Tuesday, October 24, 2023

Laundry Day

 



     I remember watching as my grandmother Riggan went about her day, grandpa took care of the animals, except chickens, planting and harvesting of the crops and generally all strenuous manual labor. Granny took care of the house, the cooking, mending, the chickens and the washing among other things and worrying about me. As for me, I got to play and get dirty.

     In her day and long onto the 1950's, she washed her dirty clothes by hand. The house hardly had enough electricity to provide light and there was no space for a washer and dryer so she did all of the laundry just as she had been doing it since she was a young girl - by hand.

     By the time I came along, her family was grown and out of the house so it was just she and grandpa and me when I visited but there was still a fair amount of washing to be done.

     To start with she had to drag out the wash tub and get it on a table or stand so she wouldn't be bent over while scrubbing the clothes. Next was to fill the tub with water, this was done by either fetching several milk pails of water drawn from the well was that about twenty yards into the backyard or during the rainy season she could fill the milk pail with water from the rain barrel outside the door. For those who don't know, a rain barrel is a large barrel that sat at the corner of the house and caught rainwater from the roof. Next she had to heat at least half of the water on the wood burning stove, in the winter, this part was great because the kitchen was nice and warm, in the summer it would get real hot and humid.

     After the tub was filled with water, detergent and bleach, dirty clothes were added to soak for a few minutes. Now she drags out the scrubbing board and places it in the tub at an angle, each article was then rubbed hard against the scrubbing board with an up and down motion until all soiled areas were gone or she was satisfied that was the best she could do. As each piece was washed and scrubbed it then had to be wrung out to remove the excess water, this was done by grabbing one end of a piece of clothing in each hand and twisting it in opposite directions till as much excess water was removed as possible the n it was tossed into a basket.

     When the basket was full, granny would take it out to the clothesline where each piece was hung up with clothes pins that would hold them in place. Weather would determine how long it would take for the clothes to dry, warm days would quickly dry the clothes, warm breezy days would dry them quicker. Cold damp days took the longest and if the temperature dropped suddenly you could be bringing in clothes that were stiff as boards. Rainy days gave her options, either put off the laundry for another day or two or hang them on a rack or drape them over pieces of furniture in the house. 

     Either way you looked at it, doing laundry like this was hard especially if you had a large family then you hoped for daughters to help out.

     My mother had it better in the 1950's, she did start out like granny Riggan but by the time I was going into the third grade she had modernized. Mom had what was known as a "wringer washer". It was a tub with a built-in agitator and a swing away arm with two rubber coated rollers to squeeze the water out. Mom's was electric although some cheaper models were equipped with a hand crank for turning the rollers.
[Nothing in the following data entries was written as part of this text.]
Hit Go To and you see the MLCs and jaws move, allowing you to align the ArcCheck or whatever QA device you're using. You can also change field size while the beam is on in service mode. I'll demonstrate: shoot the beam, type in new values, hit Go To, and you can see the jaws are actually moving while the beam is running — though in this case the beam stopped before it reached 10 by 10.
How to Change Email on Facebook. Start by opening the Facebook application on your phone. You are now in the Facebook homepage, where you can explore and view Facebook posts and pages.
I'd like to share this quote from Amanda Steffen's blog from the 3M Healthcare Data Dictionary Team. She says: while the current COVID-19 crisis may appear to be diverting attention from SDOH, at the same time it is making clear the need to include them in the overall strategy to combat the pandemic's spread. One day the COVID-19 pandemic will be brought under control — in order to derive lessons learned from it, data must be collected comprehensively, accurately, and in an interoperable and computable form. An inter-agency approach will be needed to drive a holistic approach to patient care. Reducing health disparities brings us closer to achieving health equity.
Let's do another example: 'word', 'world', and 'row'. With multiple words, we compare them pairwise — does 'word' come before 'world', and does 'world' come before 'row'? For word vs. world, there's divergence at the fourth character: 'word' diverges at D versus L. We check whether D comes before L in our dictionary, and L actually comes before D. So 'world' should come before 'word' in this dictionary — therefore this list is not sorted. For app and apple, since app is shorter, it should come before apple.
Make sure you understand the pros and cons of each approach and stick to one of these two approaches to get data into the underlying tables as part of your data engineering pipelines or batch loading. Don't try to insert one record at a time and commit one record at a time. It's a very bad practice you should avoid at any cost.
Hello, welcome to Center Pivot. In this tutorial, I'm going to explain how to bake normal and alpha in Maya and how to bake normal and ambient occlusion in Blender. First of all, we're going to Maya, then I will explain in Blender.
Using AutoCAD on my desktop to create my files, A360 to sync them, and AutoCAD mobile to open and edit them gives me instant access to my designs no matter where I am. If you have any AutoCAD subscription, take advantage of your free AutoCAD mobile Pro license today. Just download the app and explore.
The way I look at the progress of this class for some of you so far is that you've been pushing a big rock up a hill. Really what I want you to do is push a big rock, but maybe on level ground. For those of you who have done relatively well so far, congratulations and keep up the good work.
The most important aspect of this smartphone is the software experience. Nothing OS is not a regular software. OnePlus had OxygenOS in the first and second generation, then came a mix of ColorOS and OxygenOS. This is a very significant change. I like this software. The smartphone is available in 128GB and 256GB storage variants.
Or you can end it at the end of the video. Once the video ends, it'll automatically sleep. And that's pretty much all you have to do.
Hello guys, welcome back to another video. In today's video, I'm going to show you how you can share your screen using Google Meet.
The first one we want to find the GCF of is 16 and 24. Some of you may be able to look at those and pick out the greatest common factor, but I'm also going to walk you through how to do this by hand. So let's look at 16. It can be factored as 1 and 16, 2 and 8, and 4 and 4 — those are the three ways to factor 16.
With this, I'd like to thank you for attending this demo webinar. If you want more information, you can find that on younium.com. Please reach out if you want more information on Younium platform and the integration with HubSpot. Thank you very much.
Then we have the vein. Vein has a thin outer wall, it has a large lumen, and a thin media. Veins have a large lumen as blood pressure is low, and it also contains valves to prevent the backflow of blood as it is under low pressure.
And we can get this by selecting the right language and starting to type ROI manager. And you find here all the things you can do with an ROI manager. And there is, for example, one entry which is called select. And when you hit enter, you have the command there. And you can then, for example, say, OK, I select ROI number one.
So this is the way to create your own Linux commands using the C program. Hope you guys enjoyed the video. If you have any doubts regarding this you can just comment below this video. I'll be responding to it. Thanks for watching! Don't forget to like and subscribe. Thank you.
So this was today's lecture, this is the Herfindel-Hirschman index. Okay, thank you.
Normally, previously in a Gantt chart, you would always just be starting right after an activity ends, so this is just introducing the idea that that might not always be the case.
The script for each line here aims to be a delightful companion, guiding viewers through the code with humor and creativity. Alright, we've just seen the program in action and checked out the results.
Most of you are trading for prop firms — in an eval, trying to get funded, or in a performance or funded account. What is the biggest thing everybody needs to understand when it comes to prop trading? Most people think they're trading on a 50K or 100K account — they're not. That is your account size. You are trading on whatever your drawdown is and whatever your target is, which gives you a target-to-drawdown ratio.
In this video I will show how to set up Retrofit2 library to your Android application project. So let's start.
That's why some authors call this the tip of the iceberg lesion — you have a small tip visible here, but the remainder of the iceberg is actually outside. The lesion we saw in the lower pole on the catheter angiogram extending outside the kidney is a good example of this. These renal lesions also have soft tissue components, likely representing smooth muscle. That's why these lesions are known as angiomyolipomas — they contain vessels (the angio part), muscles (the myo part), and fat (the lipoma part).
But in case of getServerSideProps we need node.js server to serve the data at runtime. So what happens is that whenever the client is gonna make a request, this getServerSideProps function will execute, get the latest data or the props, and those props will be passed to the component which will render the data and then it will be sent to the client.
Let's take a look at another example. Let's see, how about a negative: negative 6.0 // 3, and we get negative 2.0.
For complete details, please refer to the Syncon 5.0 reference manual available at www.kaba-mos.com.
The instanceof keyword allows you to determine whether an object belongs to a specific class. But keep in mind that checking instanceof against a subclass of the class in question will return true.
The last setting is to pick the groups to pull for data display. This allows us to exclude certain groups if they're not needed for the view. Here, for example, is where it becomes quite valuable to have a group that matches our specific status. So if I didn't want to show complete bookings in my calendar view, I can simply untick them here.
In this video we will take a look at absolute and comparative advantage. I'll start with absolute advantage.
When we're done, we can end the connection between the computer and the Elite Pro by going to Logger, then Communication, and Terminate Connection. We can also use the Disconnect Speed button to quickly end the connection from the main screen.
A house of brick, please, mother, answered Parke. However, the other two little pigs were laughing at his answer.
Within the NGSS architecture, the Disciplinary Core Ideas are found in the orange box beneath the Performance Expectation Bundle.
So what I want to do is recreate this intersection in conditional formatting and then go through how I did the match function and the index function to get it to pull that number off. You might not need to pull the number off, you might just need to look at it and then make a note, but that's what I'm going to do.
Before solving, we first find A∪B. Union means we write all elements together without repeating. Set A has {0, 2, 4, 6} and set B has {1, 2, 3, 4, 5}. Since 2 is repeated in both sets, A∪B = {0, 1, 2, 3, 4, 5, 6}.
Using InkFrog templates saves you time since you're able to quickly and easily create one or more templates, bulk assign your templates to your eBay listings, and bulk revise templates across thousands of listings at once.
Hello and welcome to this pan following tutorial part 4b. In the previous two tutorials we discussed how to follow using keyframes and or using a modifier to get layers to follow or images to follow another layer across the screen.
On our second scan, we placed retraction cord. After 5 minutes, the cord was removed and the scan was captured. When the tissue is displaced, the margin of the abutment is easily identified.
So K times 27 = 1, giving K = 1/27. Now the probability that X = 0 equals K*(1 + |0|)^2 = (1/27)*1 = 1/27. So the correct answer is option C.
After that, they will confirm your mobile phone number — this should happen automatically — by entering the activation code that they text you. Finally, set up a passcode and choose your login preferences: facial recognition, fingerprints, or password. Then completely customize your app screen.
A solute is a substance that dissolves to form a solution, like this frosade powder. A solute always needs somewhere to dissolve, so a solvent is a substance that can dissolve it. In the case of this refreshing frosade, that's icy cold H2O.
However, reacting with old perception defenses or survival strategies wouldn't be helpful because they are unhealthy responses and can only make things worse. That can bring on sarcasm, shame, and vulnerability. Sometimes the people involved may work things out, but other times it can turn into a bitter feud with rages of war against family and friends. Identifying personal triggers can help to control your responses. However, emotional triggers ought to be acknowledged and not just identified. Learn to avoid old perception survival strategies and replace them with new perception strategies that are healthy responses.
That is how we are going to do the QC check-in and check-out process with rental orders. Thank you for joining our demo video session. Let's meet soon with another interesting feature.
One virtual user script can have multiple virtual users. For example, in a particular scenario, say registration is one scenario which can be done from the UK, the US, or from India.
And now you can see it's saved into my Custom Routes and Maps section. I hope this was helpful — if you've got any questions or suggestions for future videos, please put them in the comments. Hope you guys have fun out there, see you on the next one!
     The operation was somewhat simple in that there was a hose that hooked to the kitchen faucet for filling it with water and another hose to drain the water from the tub either into the sink or down a pipe that drained into the yard. Once the water was added along with the clothes and detergent the electric motor was turned on and the agitator would spin and bounce up and down. If things got out of balance the machine would start bouncing all over the place and rolling across the kitchen on it's roller feet. 

     Operation of the "washing machine" was fairly simple at least until it got to the wringing point. The electric models could sometimes get away from you and the clothes would get wound around the wringers or worse you could get your fingers caught between the wringers and squeezed hard between them before you knew what was going on. There were horror stories about women who got their hand caught between the wringers all the way to their armpit and if they were alone they would be found passed out with pain and serious damage to their arms.

     I started helping mom by the time I was nine and as much as I tried to get out of it, I was almost a teenager. before she got one of the younger ones to help. By then mom had gotten ticked off at dad one day and went to the Western Auto Store and bought a new washer and dryer. 

     Laundry technology has come a long way since the youth of my grandmother, it has come a long way since my youth. Now days the hardest part is deciding what clothes go together i.e. colors, whites and jeans.